Cowboy up: Texas native Cobb goes from sideline to starting role as 1,000-yard rusher leads Gophers into Texas Bowl

The last time Minnesota played in the Texas Bowl, running back David Cobb didn't see the field. This time things promise to be different. Courtesy of Minnesota Athletic Communications
David Cobb almost felt ashamed.
Looking up in the stands he saw his entire family watching a game that he knew he had no chance of entering.
Minnesota was facing Texas Tech in the 2012 Texas Bowl, and Cobb, a Texas native and sophomore running back for Minnesota, had rushed for only eight yards all season.
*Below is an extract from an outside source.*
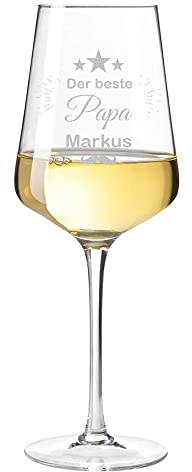 Bester Papa der Welt Weinglas mit Gravur - Weinkelch 560 ml Geschenkidee für Papa - Geschenk zu Weihnachten, Geburtstag, Weißweinglas Rotweinglas als Geburtstagsgeschenk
And like nearly every game that season, all he would do that day was look on from the sidelines.
His attendance was a mere formality.
“I wouldn’t say embarrassed, but that’s kind of what you are,” Cobb said. “You go back home, so many friends and family waiting for you to play. And you don’t play. And it’s just one of those things where you practice every day, and you’re trying to work hard, but you don’t really have any answers at the end of the day.”
In Cobb’s first two seasons at Minnesota, he couldn’t find an answer. He felt unnoticed, as if the coaches had forgotten he was even on the team. But when last season’s leading rusher, Donnell Kirkwood, sat two games with an injury earlier this season, Cobb made the most of the opportunity. He rushed for 1,111 yards, good for 17th best in program history, and best since 2006.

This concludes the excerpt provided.